What the task requires ->
Only the lines from the one containing "Kayseri Büyükşehir Belediyesi'nin" through the end of the entries are to be copied, exactly and without pictures, please.
━━━ Data for this task ━━━
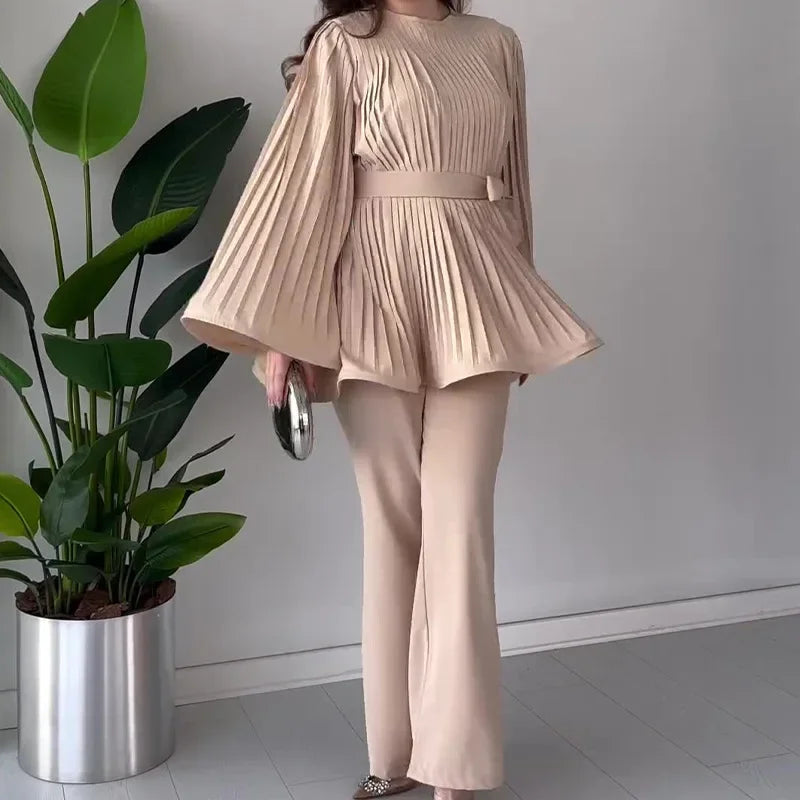 Women's New Autumn Two-piece Set Round Neck Bat-sleeved Pleated Big Swing Frenum Top Temperament Elegant Loose Straight Pants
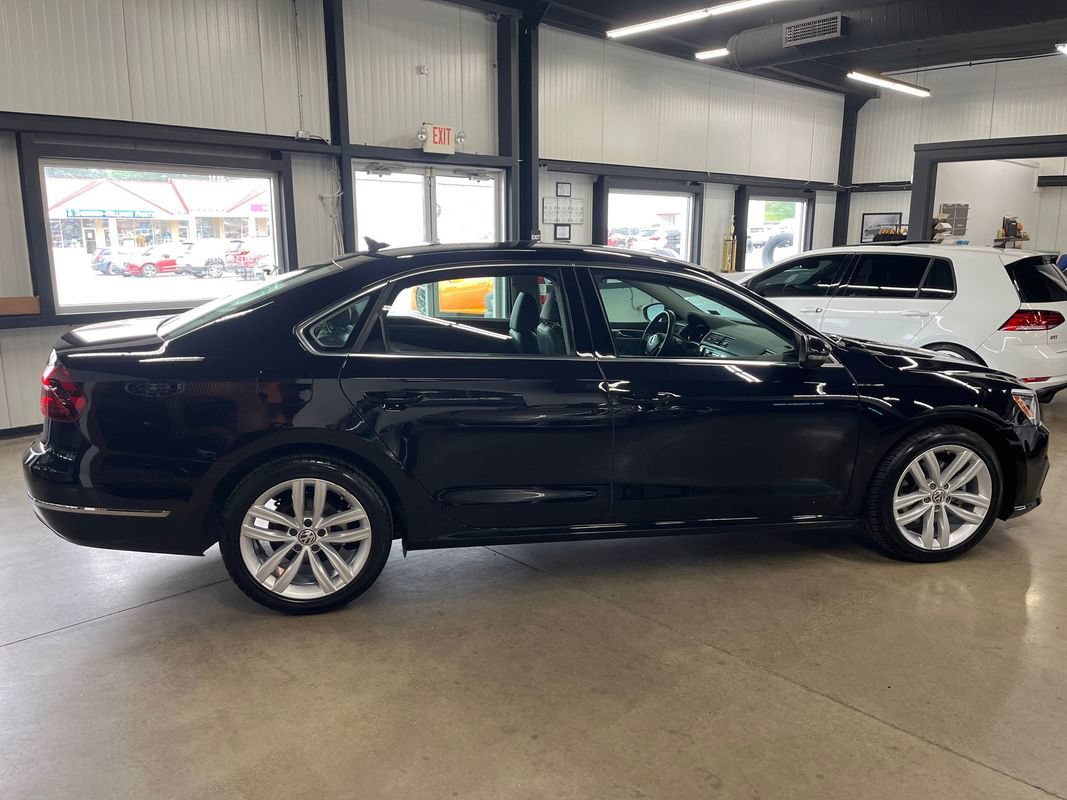 Used 2018 Volkswagen Passat 2.0T SE FWD image 13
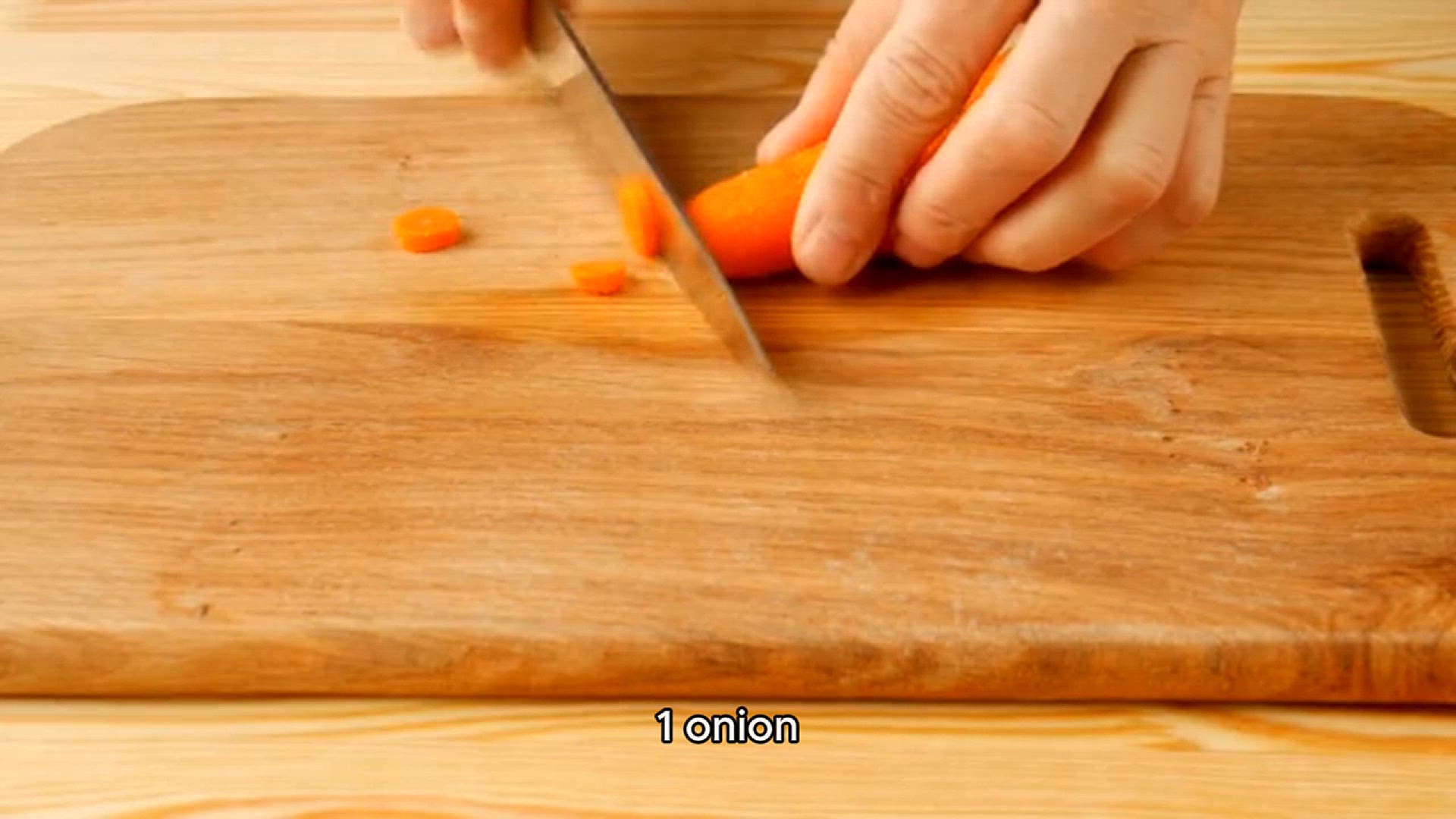 Video thumbnail for Carrot soup recipe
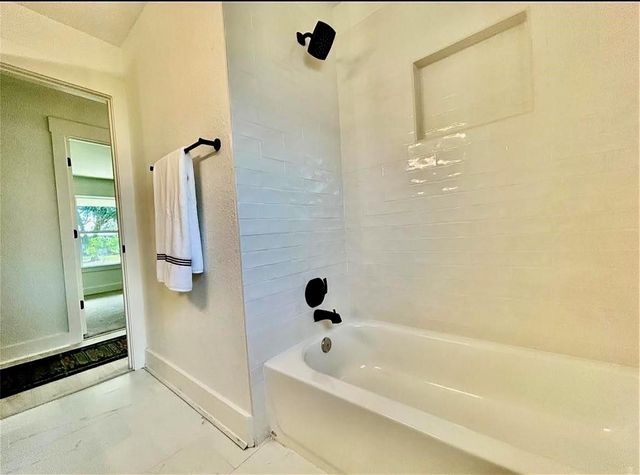 319 Wisteria Street, Lake Jackson, TX 77566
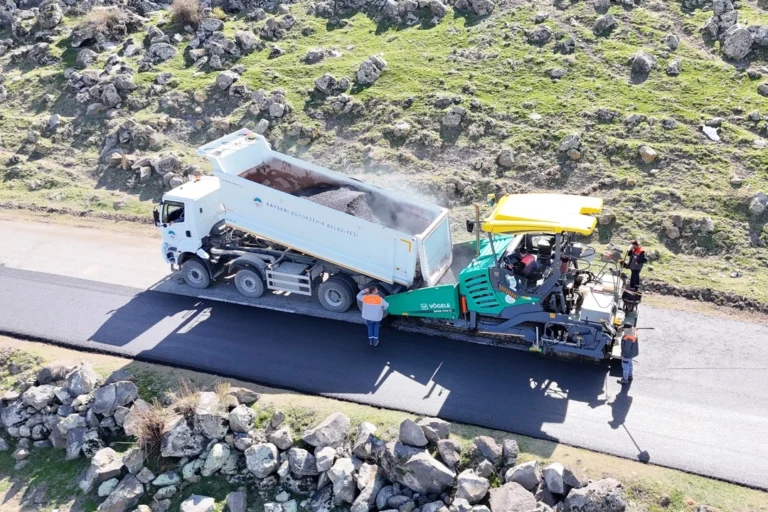 Kayseri Büyükşehir Belediyesi'nin Hürmetçi Mahallesi'nde başlattığı yol yapım ve çevre düzenleme çalışmaları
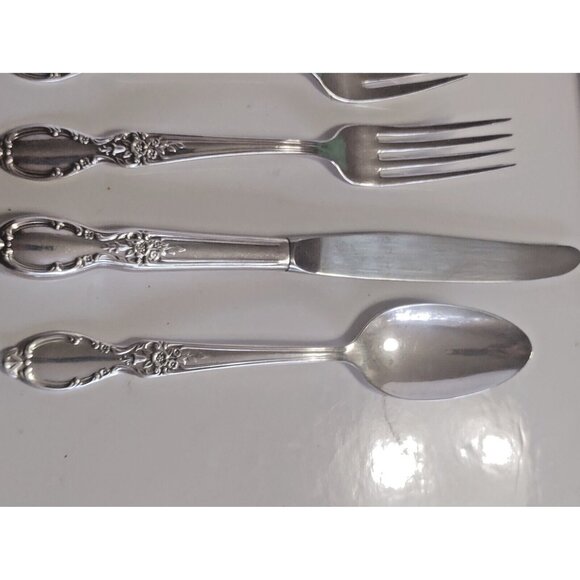 Vintage WM Rogers & Son Silver Plated Cutlery Set - Picture 10 of 14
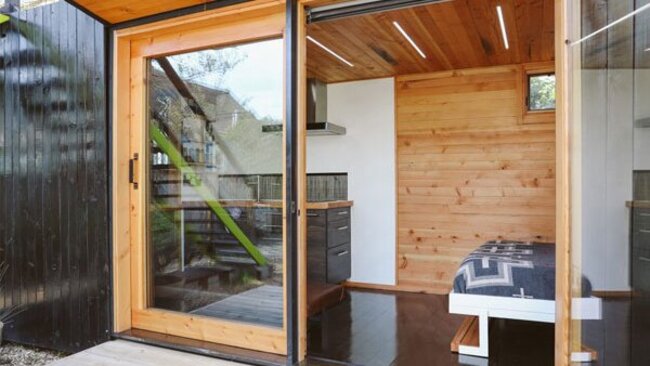 Casa pequeña con puertas correderas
━━━
Finished exercise ->
 Kayseri Büyükşehir Belediyesi'nin Hürmetçi Mahallesi'nde başlattığı yol yapım ve çevre düzenleme çalışmaları
 Vintage WM Rogers & Son Silver Plated Cutlery Set - Picture 10 of 14
 Casa pequeña con puertas correderas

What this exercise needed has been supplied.